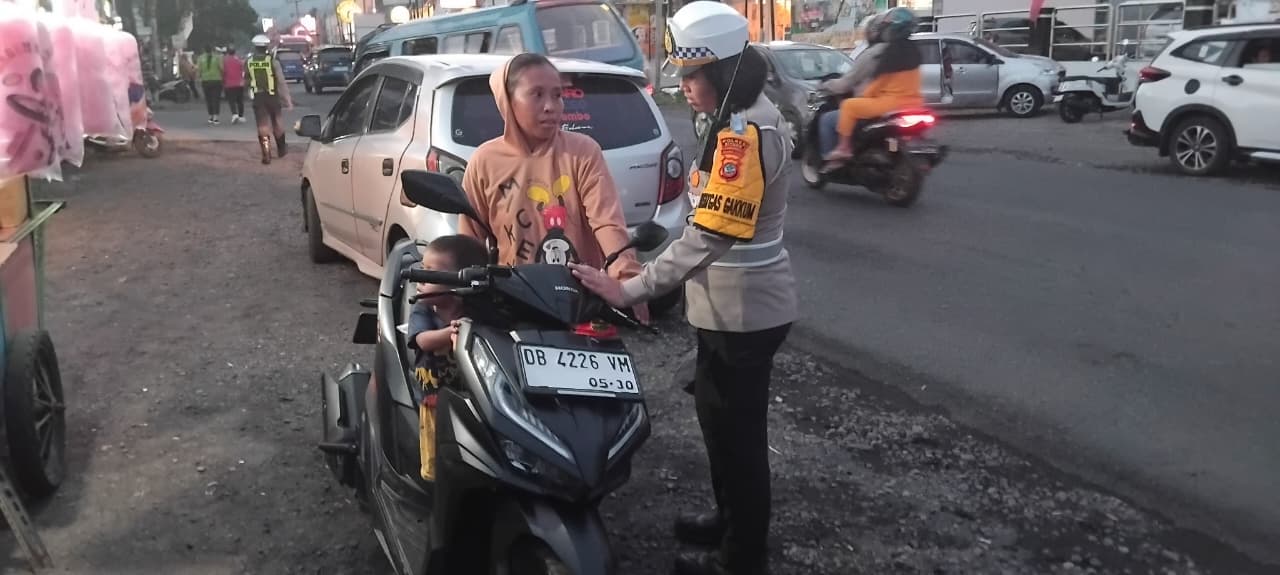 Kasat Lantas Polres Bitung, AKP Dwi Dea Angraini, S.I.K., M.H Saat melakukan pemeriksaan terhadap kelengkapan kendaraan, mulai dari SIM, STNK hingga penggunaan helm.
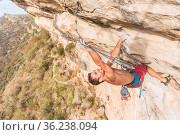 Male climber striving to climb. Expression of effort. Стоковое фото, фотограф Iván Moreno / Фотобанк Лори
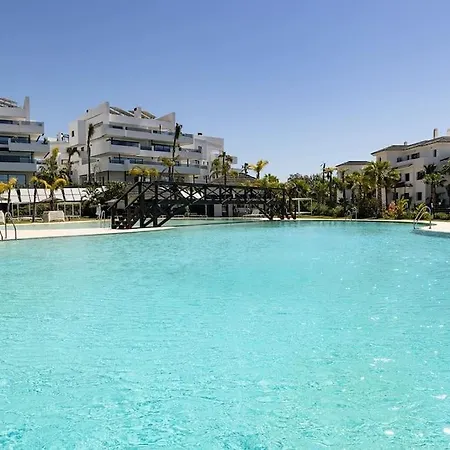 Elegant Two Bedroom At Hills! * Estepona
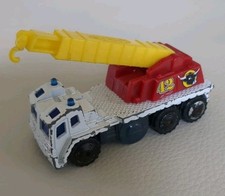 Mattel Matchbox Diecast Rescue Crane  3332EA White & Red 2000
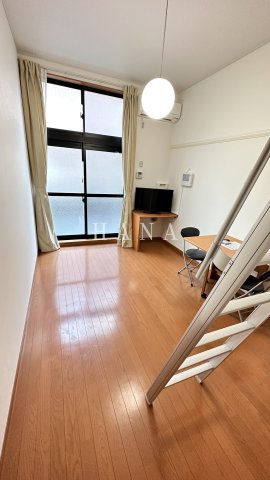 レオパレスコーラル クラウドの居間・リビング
◆ ◆ ◆
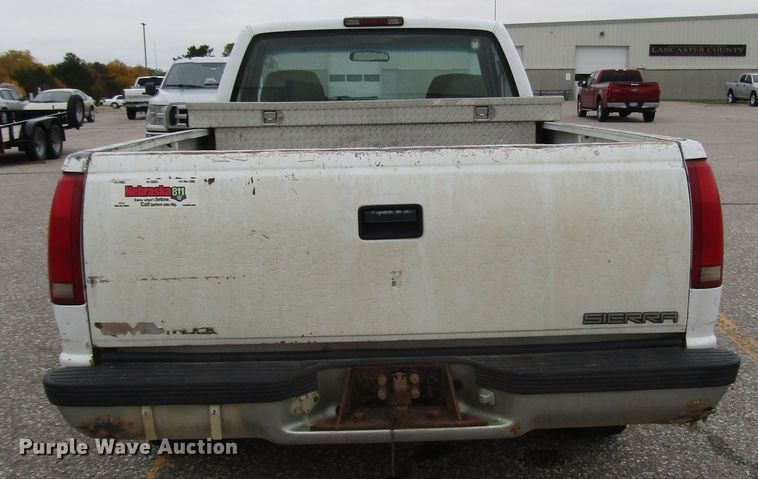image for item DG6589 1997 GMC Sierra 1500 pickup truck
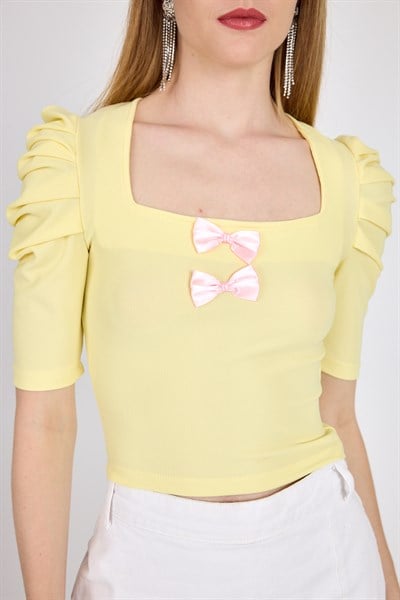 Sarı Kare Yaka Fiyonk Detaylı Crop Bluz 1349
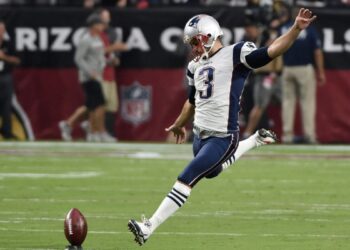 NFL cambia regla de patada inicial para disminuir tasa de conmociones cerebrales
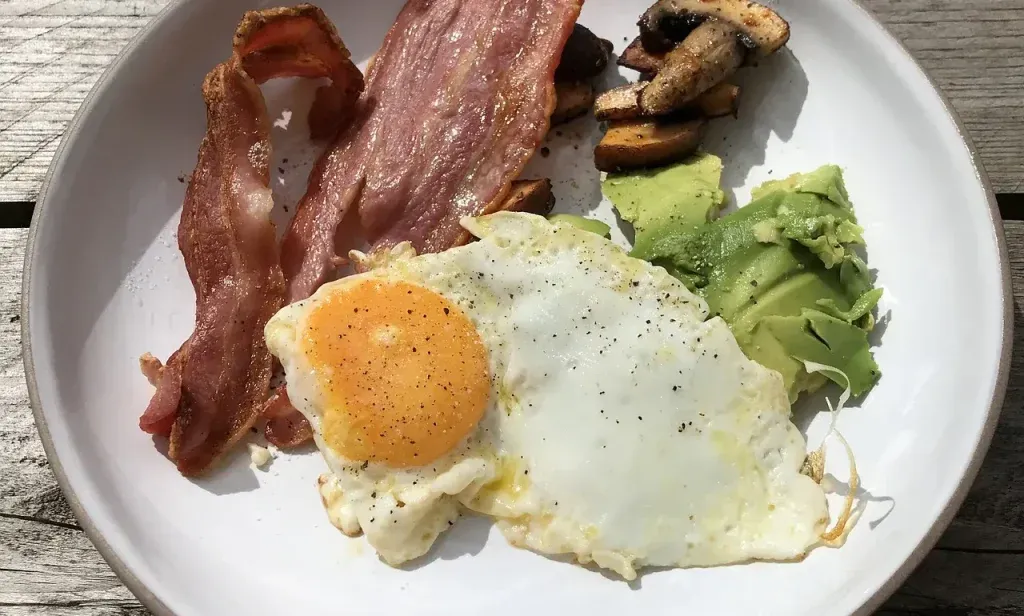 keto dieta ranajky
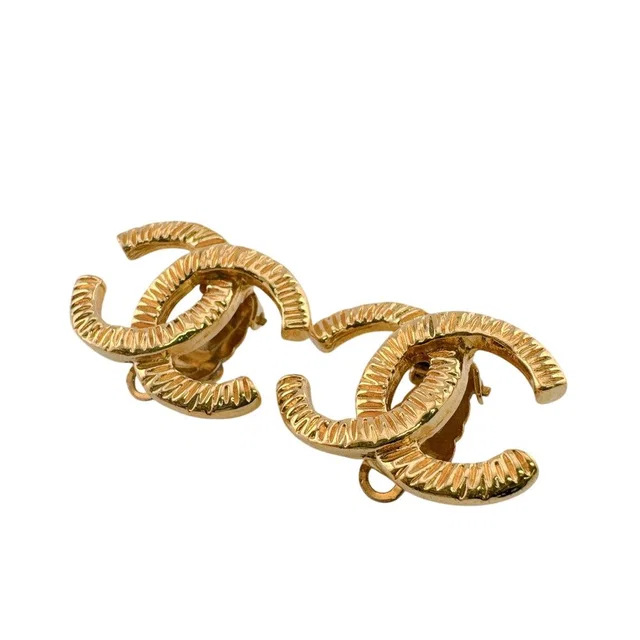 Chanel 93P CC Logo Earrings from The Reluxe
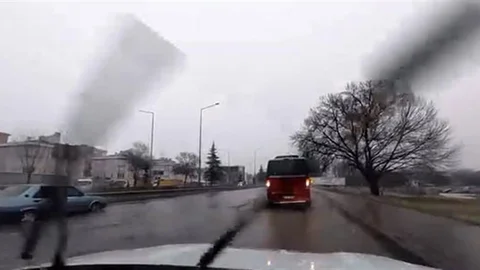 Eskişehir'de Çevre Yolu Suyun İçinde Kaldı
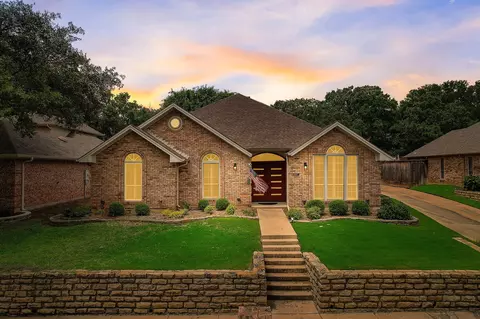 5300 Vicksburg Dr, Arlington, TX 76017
◆ ◆ ◆
▶ Assignment: The line holding "Elegant Two Bedroom At Hills! * Estepona" starts the copy and the line holding "レオパレスコーラル クラウドの居間・リビング" ends it. Repeat those two lines above and all between them exactly, leaving out pictures.

▶ Solution:
 Elegant Two Bedroom At Hills! * Estepona
 Mattel Matchbox Diecast Rescue Crane  3332EA White & Red 2000
 レオパレスコーラル クラウドの居間・リビング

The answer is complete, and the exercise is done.